Why Do People Hate Redheads?
Unnatural Hate for Natural Redheads
If this is the first time you have ever considered that there are people who hate redheads just because they are redheads, then it is already quite apparent that you are not a redhead. Being a redhead is a unique experience. I can't lie, it is pretty cool to be a part of a global population of whom only four percent of people share my hair color. I've certainly gotten a lot of attention over the years because of it. However, some of that attention may surprise you. Read more on how part of the world looks at redheads, and how the other part tries not to.
Why Do People Dislike Redheads?
It seems like the world has a fascination with redheaded people, something about the rarity of the hair color elicits reactions from everyone else.
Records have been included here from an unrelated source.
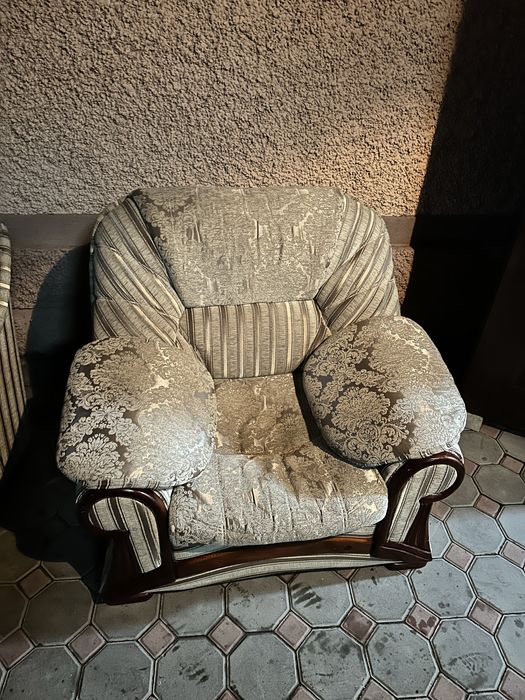Продам диван-софу и кресло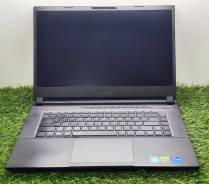 Gigabyte Aorus 15. 15.6", ��� 16 ��, ���� 1 000���, WiFi: 1, Bluetooth: 1 ����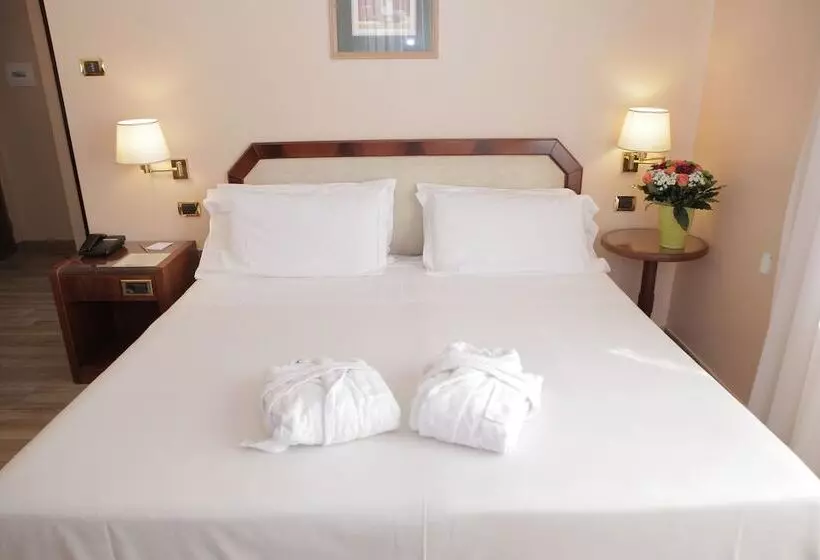 Fotos del hotel Bristol:  12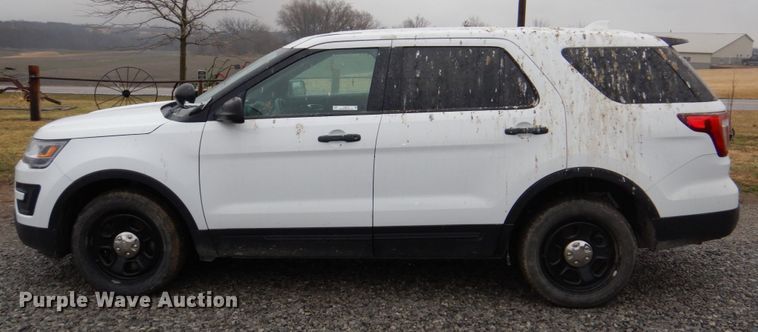 image for item JJ9210 2017 Ford Explorer Police Interceptor  SUV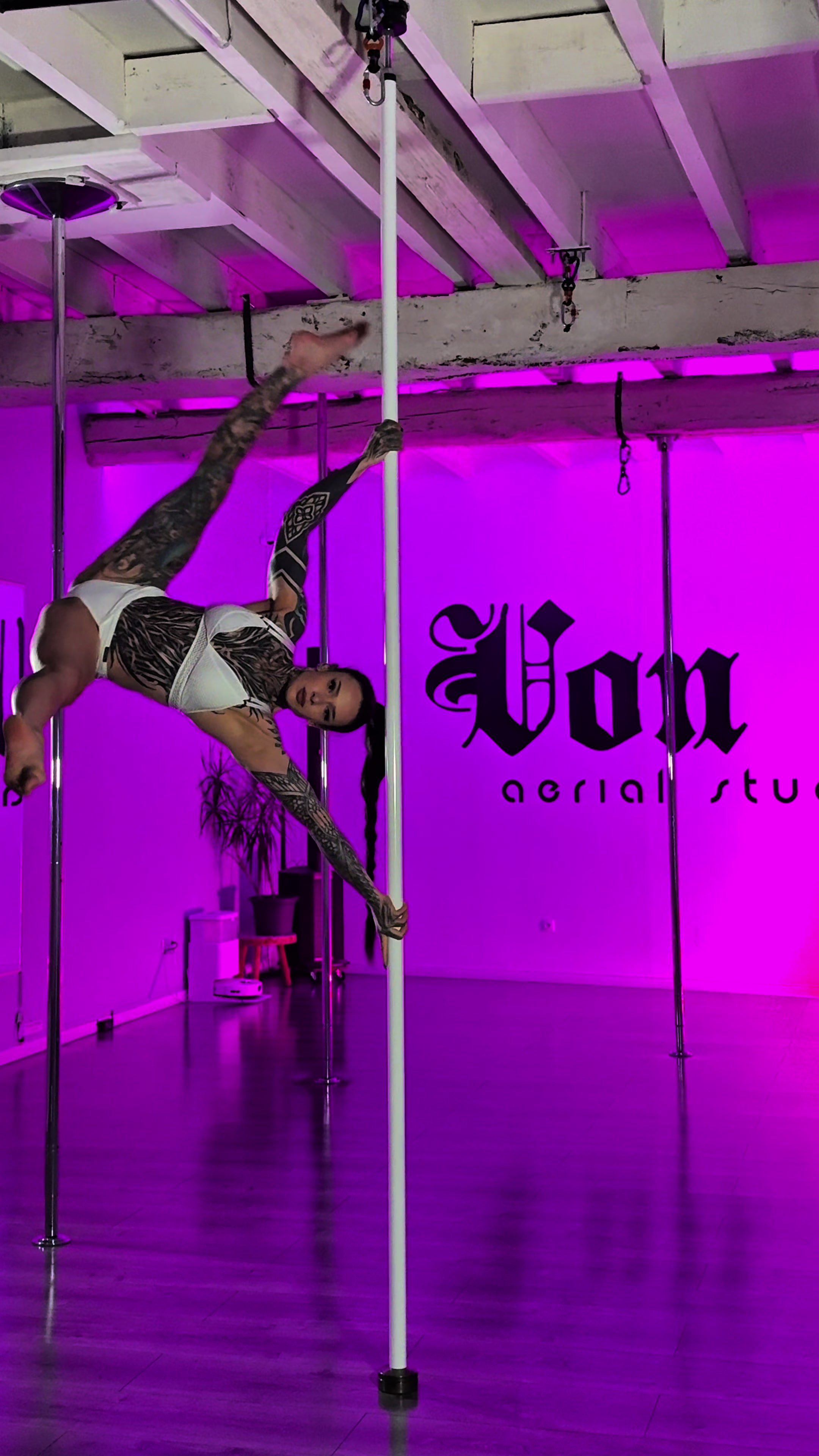 @Von C | Barbie Métal 🌙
Redheaded people are constantly depicted as having fiery tempers and being less attractive than people with different colored hair.
Much of this has to do with an ingrained cultural bias towards redheads, who due to their rarity, have been shunned by society at large for a long time.
At times throughout history, redheads have been persecuted, and the trope of red hair has been used to give characters firey tempers and attitude problems. Red hair has also been associated with magic and witchcraft.
- Fairies are often associated with redheads due to their strong association with mischievous natures and supernatural talents.
- Depictions of redheads in St. Paul's Cathedral, as well as the Sistine Chapel both show Adam and Eve before Eve grasped the forbidden fruit. At St. Paul's Cathedral Eve sports a fine long blond mane of hair, while in the Sistine Chapel, she displays brown locks. However, in both scenarios, once the fruit has been taken, the next in the series shows both Eves with long red locks.
- Later, Eve's son Cain had a head full of red hair, and also a swift fall from grace.
- Earlier Egyptians considered the color red so unfortunate, that they had ceremonies where they burned red-haired women alive to get rid of the tint. When they weren't burning them alive, they were burying them alive as a sacrifice to the god Osiris.
- Redheads are often depicted as untrustworthy; this dates back to the story in the bible where Judas, the betrayer of Jesus, was nearly always shown with red hair.
- It is widely reported that Hitler banned the sanctified union of two redheads fearing that their children would become "deviant offspring."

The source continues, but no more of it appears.